:: What the task asks ::
Your copy should hold only the lines from the one with "2024 BMW X5" to the one with "中俄深化戰(zhàn)略協(xié)作 普京確認(rèn", both included, each exactly as it stands below, with no pictures.

:: Study material ::
*** Begin section ***

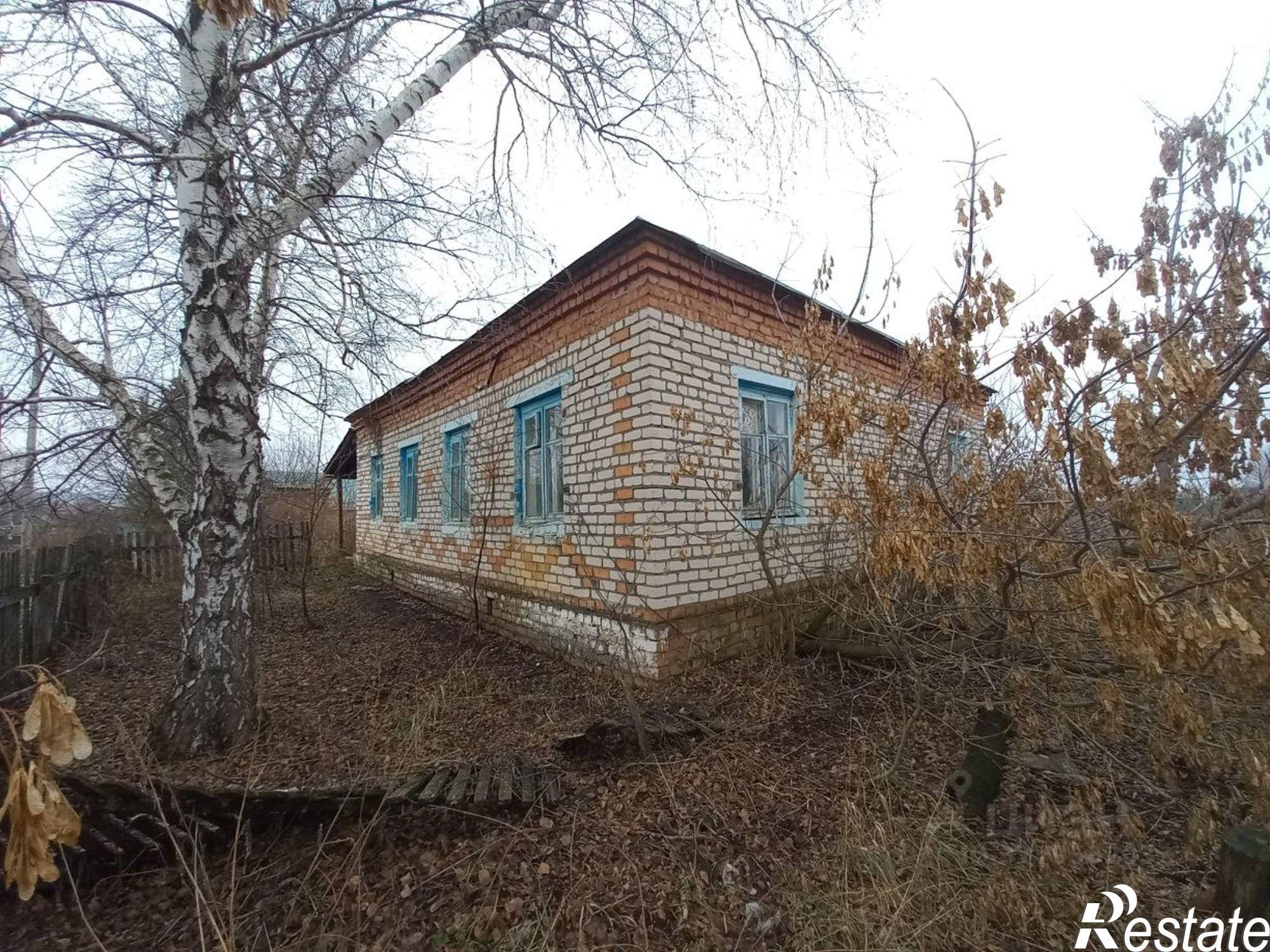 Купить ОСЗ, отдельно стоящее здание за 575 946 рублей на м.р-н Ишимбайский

*** End section ***
*** Begin section ***

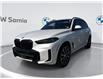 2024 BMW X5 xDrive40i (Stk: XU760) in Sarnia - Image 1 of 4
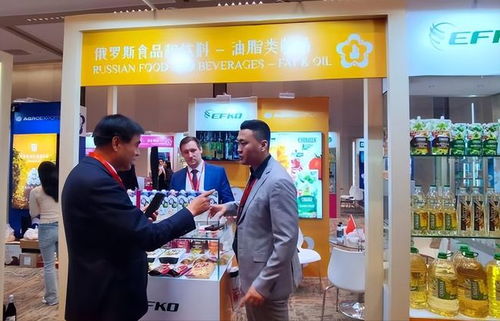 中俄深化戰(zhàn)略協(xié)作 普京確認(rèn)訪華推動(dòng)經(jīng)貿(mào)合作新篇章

*** End section ***

:: Exercise response ::
 2024 BMW X5 xDrive40i (Stk: XU760) in Sarnia - Image 1 of 4
 中俄深化戰(zhàn)略協(xié)作 普京確認(rèn)訪華推動(dòng)經(jīng)貿(mào)合作新篇章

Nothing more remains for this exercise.